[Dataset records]
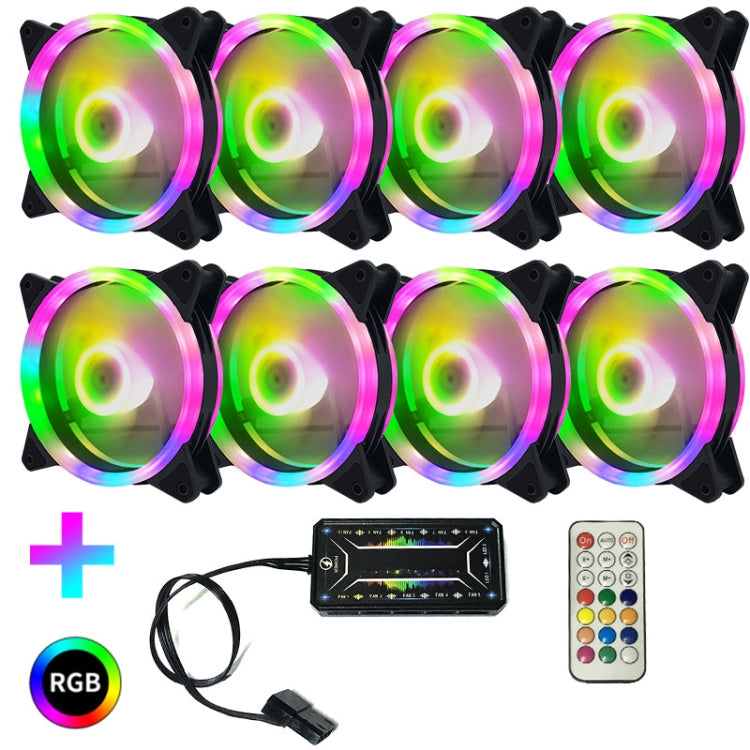 Norvo | Datamaskin CPU RGB glødende radiator 8 vifter + fjernkontroll
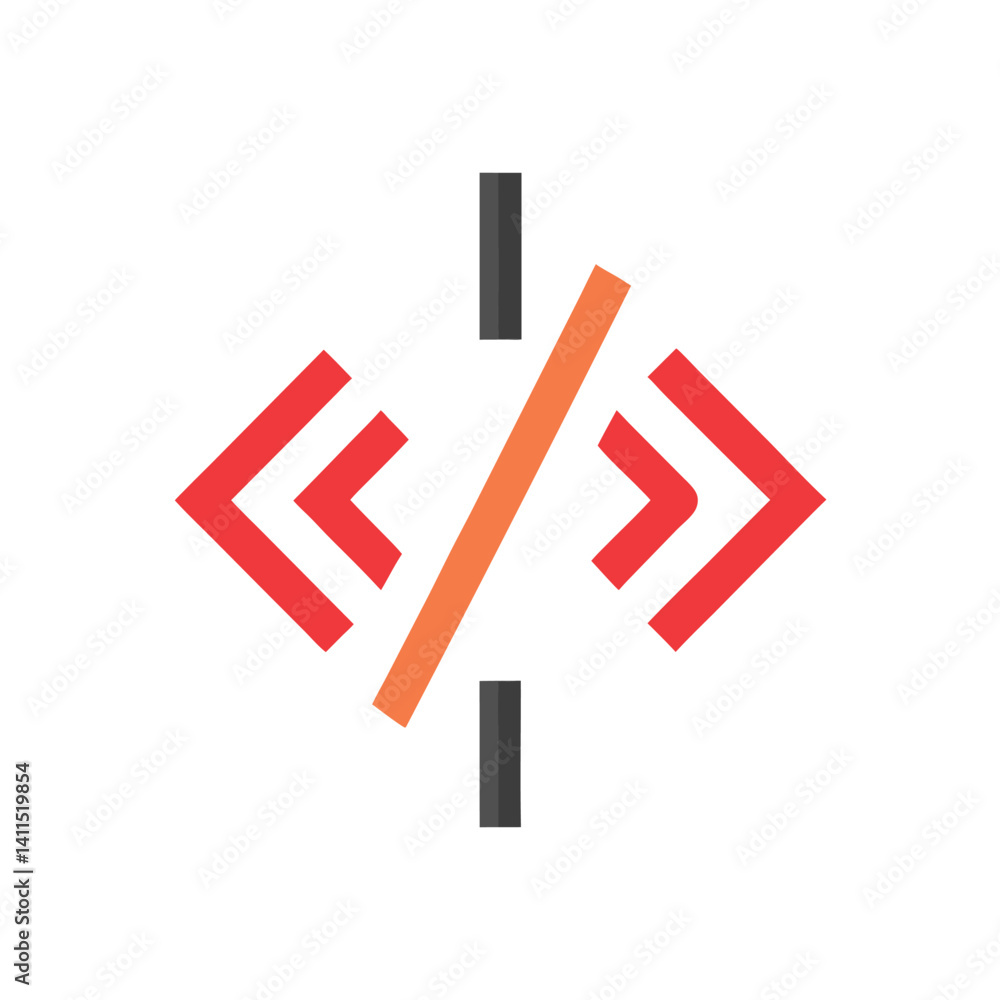 Poster minimalist clean symmetrical code brackets logo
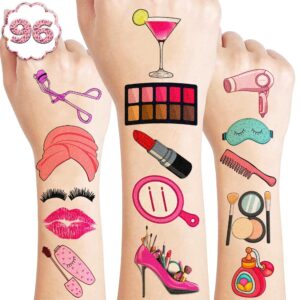 96 pcs spa makeup temporary tattoo stickers theme birthday party decorations supplies favors decor cute beauty cosmetic nail tattoos sticker gifts for kids girls women school prizes carnival christmas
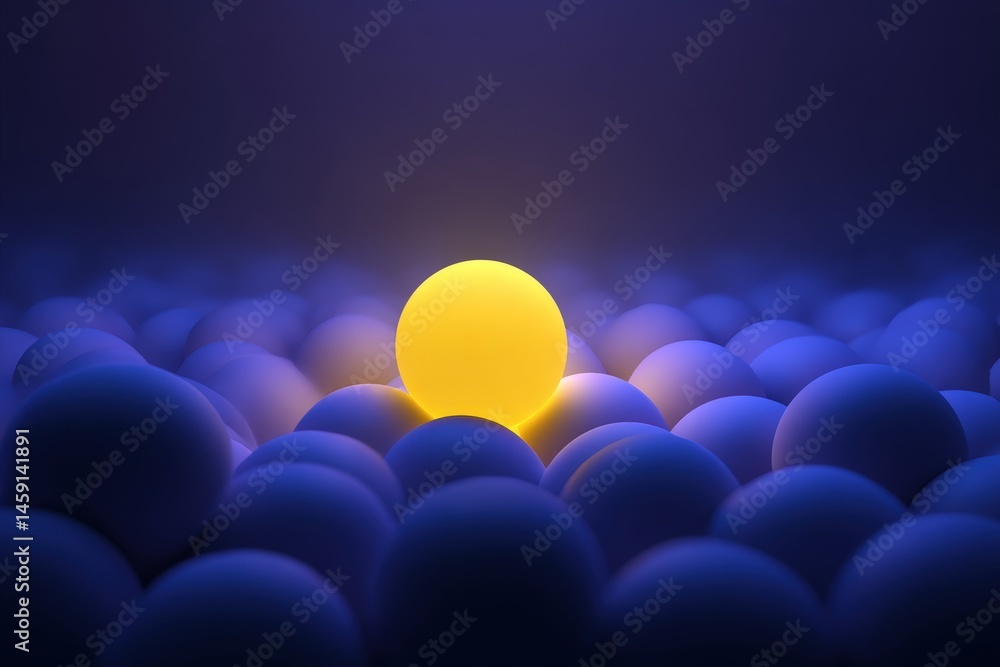 A glowing yellow sphere stands out among many blue spheres in a dark, abstract background.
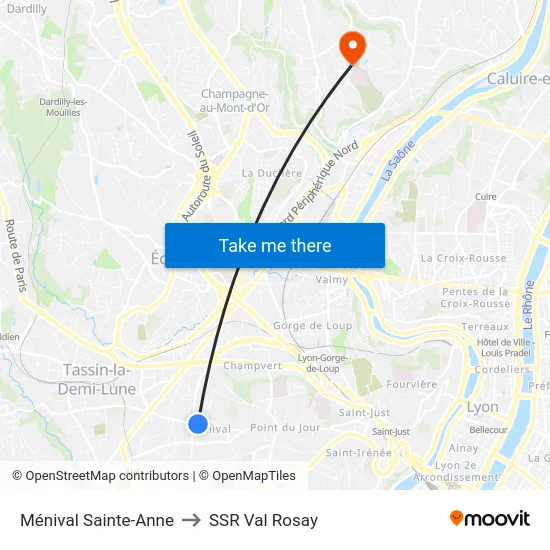 Ménival Sainte-Anne to SSR Val Rosay map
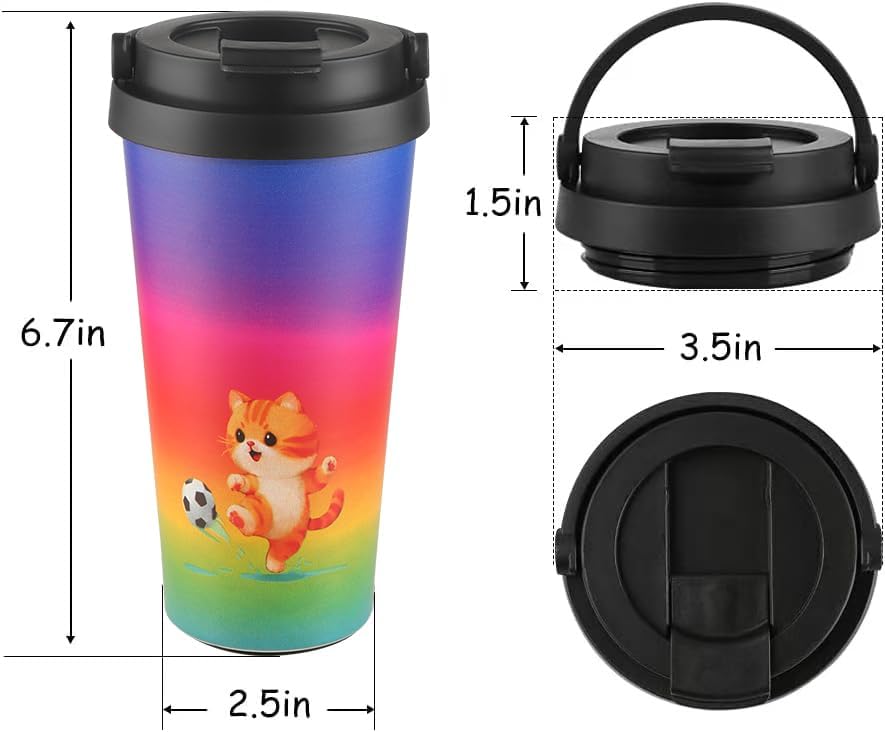 Insulated Coffee Mug with Ceramic Coating, 16oz Iced Coffee Tumbler Cup with Flip Lid and Handle, Double Wall Vacuum Leak-Proof Travel Mug for Office School Party Camping
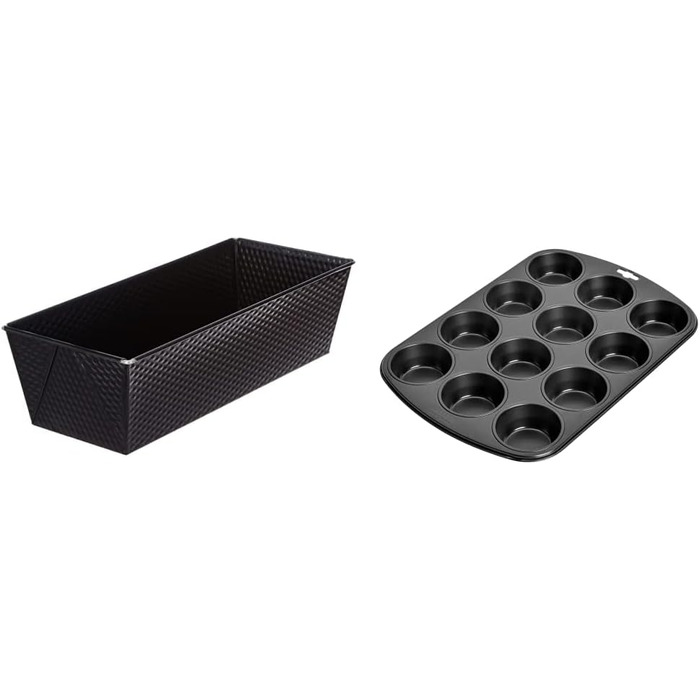 Kaiser Classic Loaf Pan, 35.5 x 15.5 x 10 cm & 646206 Inspiration Muffin Tin, Baking Sheet for 12 Muffins, Muffin Baking Sheet 38 x 27 cm, coated, standard size, Cupcake Molds, Muffin Sheet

◆ **WHAT YOU WILL DO**:
Starting at the line containing "Poster minimalist clean" and finishing at the line containing "96 pcs spa makeup", return those lines exactly as they appear above, without the pictures.

◆ **TASK OUTPUT**:
 Poster minimalist clean symmetrical code brackets logo
 96 pcs spa makeup temporary tattoo stickers theme birthday party decorations supplies favors decor cute beauty cosmetic nail tattoos sticker gifts for kids girls women school prizes carnival christmas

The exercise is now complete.